__REQUIRED ACTION__:
What the task requires is an exact printout of the listing below, pictures excluded.

__GIVEN DATA__:
*** Block opens ***

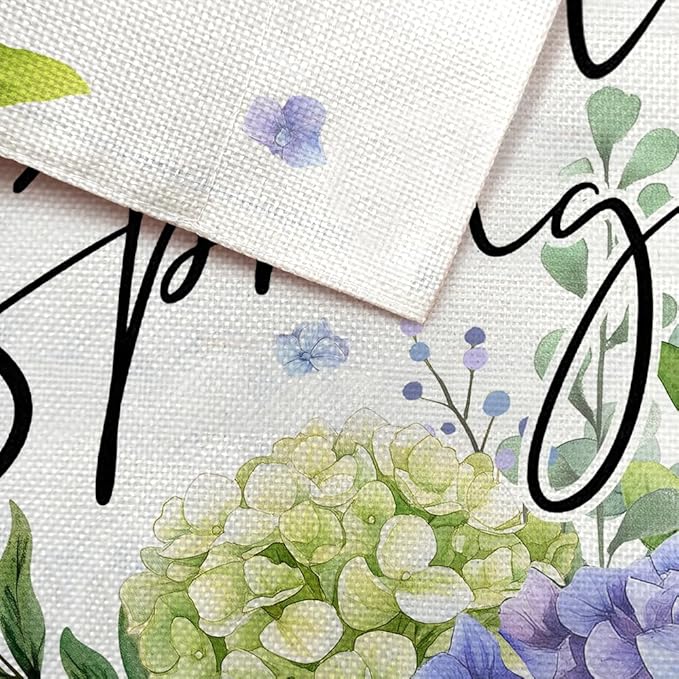 GEEORY Hello Spring Hydrangea Eucalyptus Garden Flag 12x18 Inch, Double Sided Spring Summer Decor, Farmhouse Rustic Outdoor Floral Flag Outside Yard Lawn Decoration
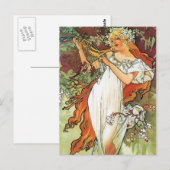 Spring, Mucha Briefkaart (Voorkant / Achterkant)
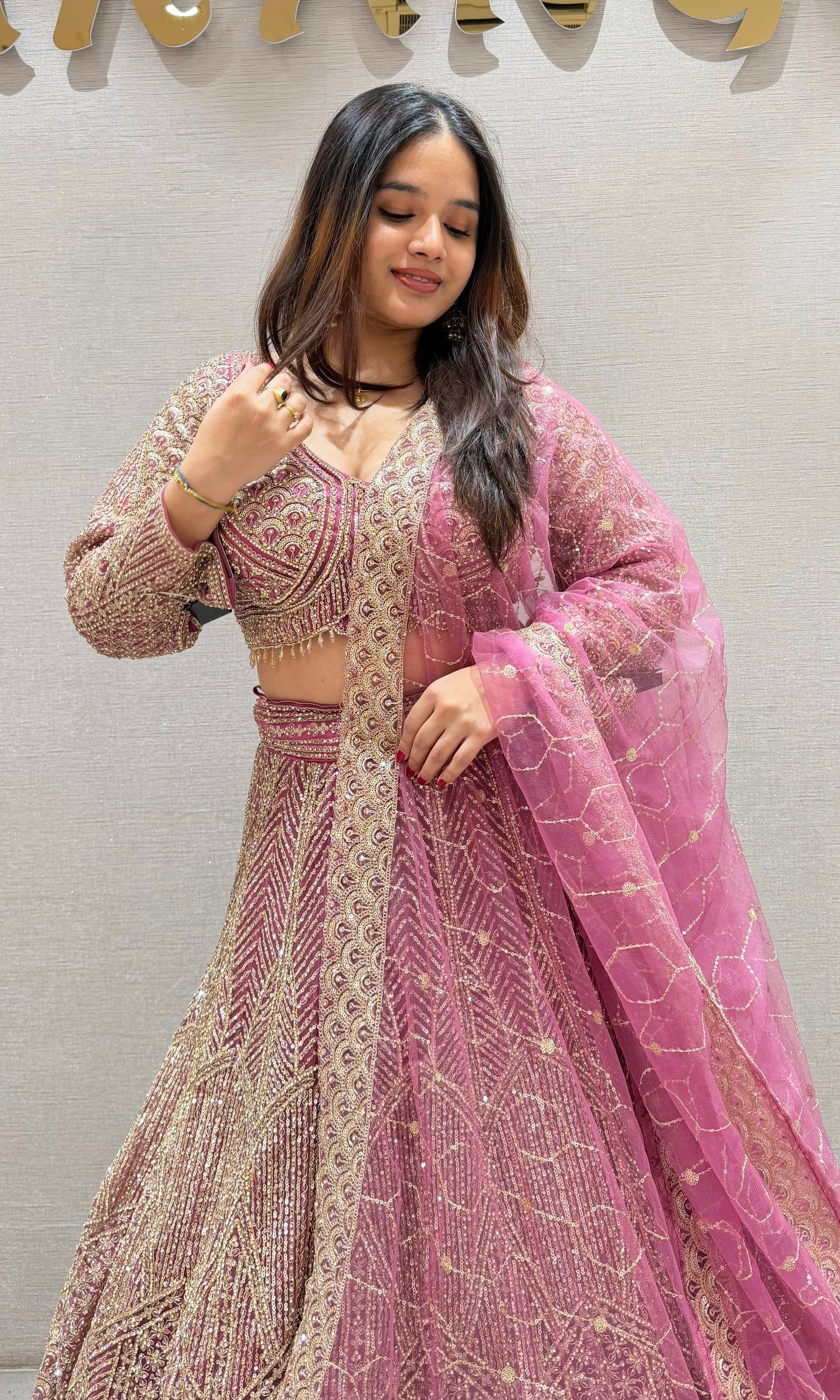 GAJARI HEAVY GOLDEN EMBROIDERED Lehenga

*** Block closes ***

__ANSWER FOR THE TASK__:
 GEEORY Hello Spring Hydrangea Eucalyptus Garden Flag 12x18 Inch, Double Sided Spring Summer Decor, Farmhouse Rustic Outdoor Floral Flag Outside Yard Lawn Decoration
 Spring, Mucha Briefkaart (Voorkant / Achterkant)
 GAJARI HEAVY GOLDEN EMBROIDERED Lehenga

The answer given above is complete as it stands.